# Burl ID



## JMC (Dec 6, 2011)

Not sure how well you can ID what type of burl it is but I will post pic shortly.


----------



## JMC (Dec 6, 2011)

Okay here we go.
[attachment=546]
[attachment=547]
[attachment=548]
[attachment=549]
[attachment=550]


----------



## Kevin (Dec 6, 2011)

James those are pretty closeups, might need a further-away shot too though. Could be a lot of diff things from that but probably out of realm of expertise. 

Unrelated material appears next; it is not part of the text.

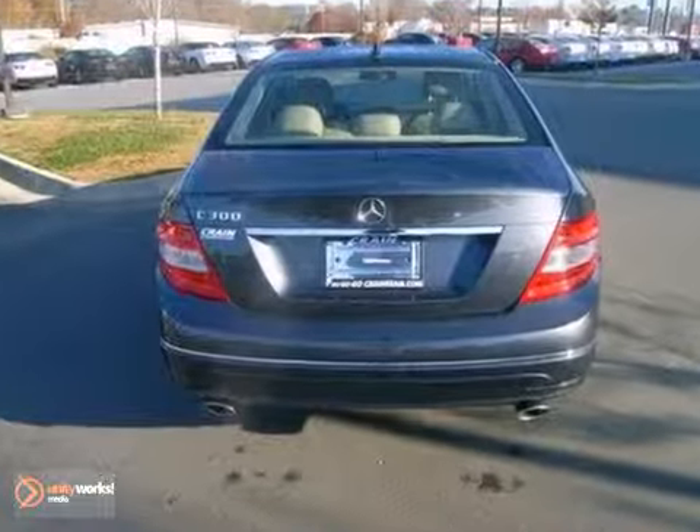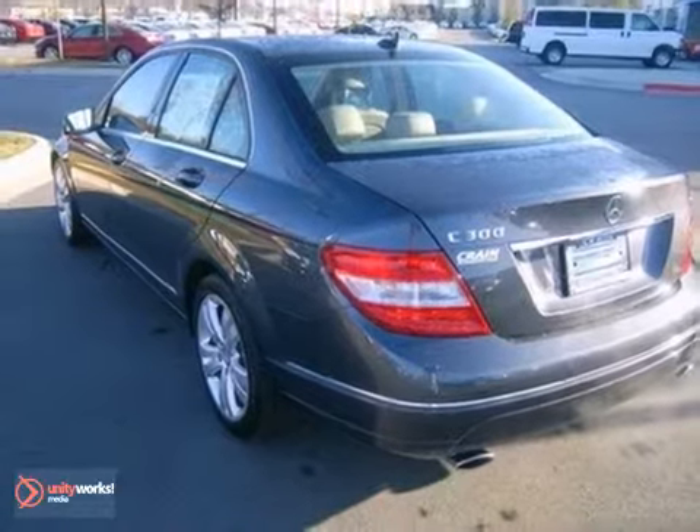The heated leather seats and power moonroof make this C300 hard to pass up. Come in today and take a look for yourself.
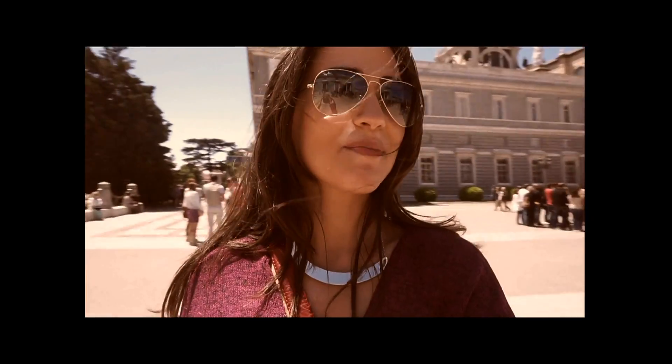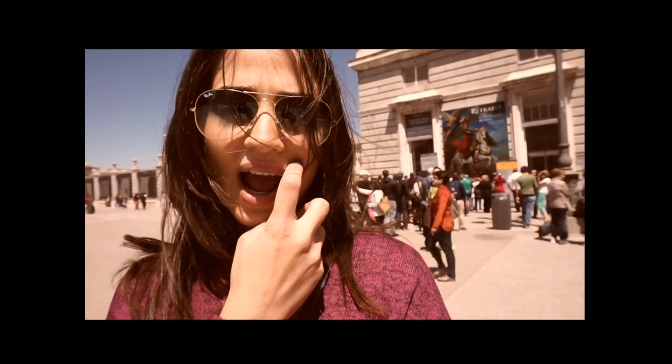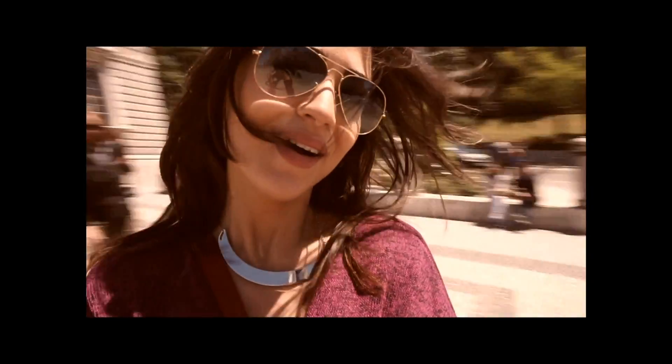Right now we are in the Palacio Real de Madrid, and as you can see around me there are a lot of people here. This is the line to go in. I just wanted you guys to take a look — I'll show you around.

Thinking this is one for esmith.


----------



## phinds (Dec 6, 2011)

Please comment on how the colors in the pics relate to the colors in the wood


----------



## JMC (Dec 6, 2011)

OK how about yellow on left and orange on right, help any?
[attachment=551]


----------



## phinds (Dec 6, 2011)

Yeah, that's a helpful pic and it looks nagging familiar but I can't place it. I'm not much good with burls but I'm betting somebody here will recognize it.


----------



## esmith (Dec 8, 2011)

I've never cut a Mulberry burl but I see them here in CA. Some of the grain looks a lot like Mulberry and the color looks almost correct for some of the lumber I have.


----------



## phinds (Dec 8, 2011)

esmith said:


> I've never cut a Mulberry burl but I see them here in CA. Some of the grain looks a lot like Mulberry and the color looks almost correct for some of the lumber I have.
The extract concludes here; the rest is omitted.